IF YOU live in Wales but outside Cardiff then you probably think that the capital city gets more than its fair share of everything. It holds most of the political power, what passes for civil society in Wales is rooted here, it gets a disproportionate amount of investment, and it’s richer than most of the country.
But step away from the parochial framing and it becomes obvious that Cardiff has been let down by 12 years of Tory rule at Westminster just as much as everywhere else in Wales.
Whether you’re looking at job quality, incomes, childcare, housing or transport - austerity and the endless squeeze on public budgets have progressively chipped away at the city’s ability to provide the most basic building blocks of a good life.
It’s far too easy to be tricked by Cardiff. The city is dotted with shiny architecture – the Blair-era landmarks in the Bay, the new BBC headquarters and assorted towering office blocks of Central Square, and the coldly impressive facilities that the universities have ploughed tens of millions of pounds into while simultaneously running their staff’s working conditions into the ground.
But what’s the reality?
The reality is that workers in Cardiff are earning less in real terms than they were in 2009. And there is no prospect of that situation improving. Even the most optimistic forecaster would now accept that we’re looking at two lost decades when it comes to incomes and living standards.
The reality is that the city’s own regional economic development quango advertises it to investors on the basis that companies can get away with paying their workers here less than they would have to elsewhere.
And the reality is that use of Cardiff’s foodbanks has rocketed over the last decade and – as Unison Cymru/Wales’s new research shows — workers here are now turning to second jobs, to pawning possessions and even to gambling in order to try and make ends meet as we head into the winter.
Cardiff remains a profoundly unequal city where the gaps in life expectancy between the rich and the poor wards are staggering – over a decade difference in some cases.
This inequality is being compounded by the deeply unhealthy developments in the housing market over the last 30 years. Stagnant wages and fast-rising house prices have locked tens of thousands of young people out of home ownership and have left them at the mercy of landlords and agents in the private rental sector. Unsurprisingly rents are now shooting up and the situation is swiftly moving towards making the city unaffordable for many.

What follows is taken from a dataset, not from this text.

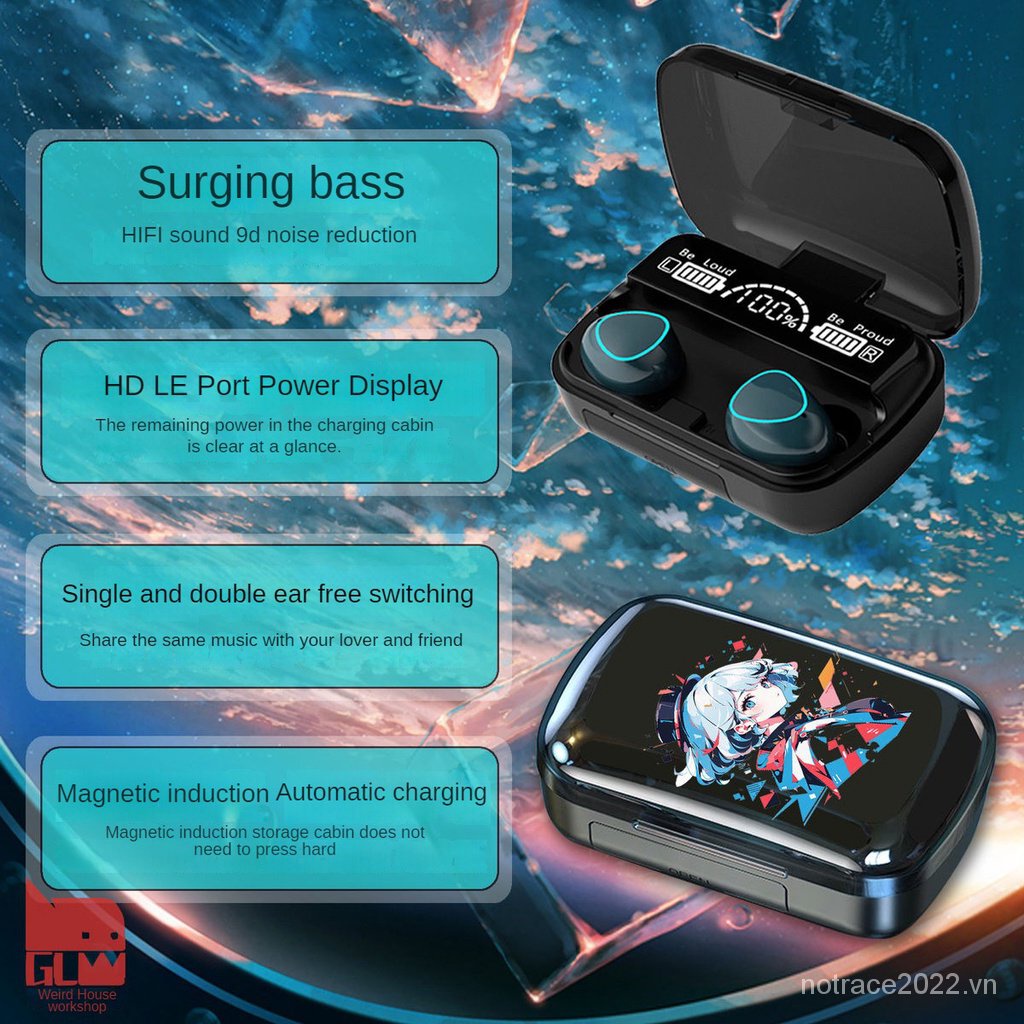 ★Genshin Impact★Furina & Tai Nghe Chụp Tai Không Dây bluetooth Hai Chiều Có Màn Hình Kỹ Thuật Số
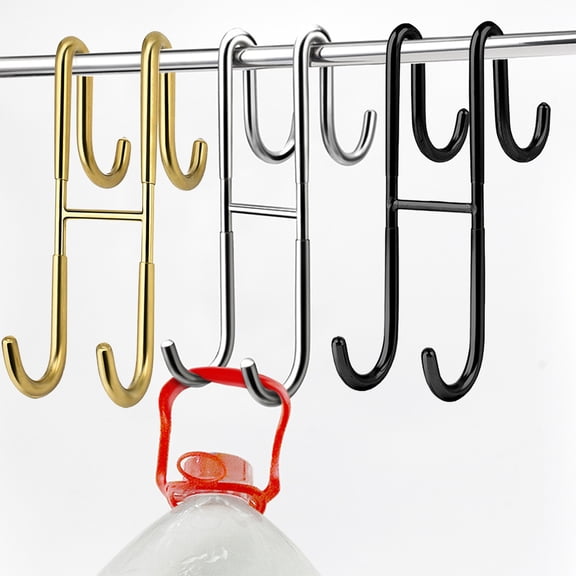 Double Sided Stainless Steel Door Hook, 9.9 Inch No-Drill Bathroom Towel Hanger, Modern Glass Door Mounted Hook for Kitchen & Bath, Multi-Purpose Heavy Duty Coat Hook, Silver/Black/Gold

The dysfunction in housing is matched by the dysfunction in the city’s transport networks. In almost any other similar-sized city in Europe there would be a functioning and efficient mass transport network.
Instead we have a city that has been starved of proper investment in its infrastructure, that has a barely coherent patchwork of public transport services and whose dependence on the car brings it to a regular standstill.
Ultimately the culpability for this situation rests at Westminster and a UK government that now seems to determined to pursue a Thatcherite agenda to the bitter end – regardless of the cost.
The public has seen the damage accumulate and they’ve now witnessed the recklessness with which Truss and Kwarteng are setting about their new jobs.
You can’t rebuild a failing economy by cutting benefits, handing out millions in tax breaks to your donor class, and slashing workers’ rights.
We need:
- Fair funding for Wales– funding that properly reflects the pressures that our public services are confronting.
- A plan to get pay rising for everyone with a higher minimum wage at £15 per hour and new rights for unions to set minimum pay and conditions across the economy.
- Long overdue fair funding for capital investment in Wales so that we can build the modern, green infrastructure that the country needs to drive up living standards.
- A plan to bring forward the uprating of benefits at least in line with inflation to ensure that people are getting the money they need in their pockets now and not having to wait until April next year.
We’re bringing together trade unionists in Cardiff this week and all over Wales in the coming weeks to send back the clear message that if politicians and bosses won’t respond to the cost of living crisis in front of them then they shouldn’t be surprised when workers take action.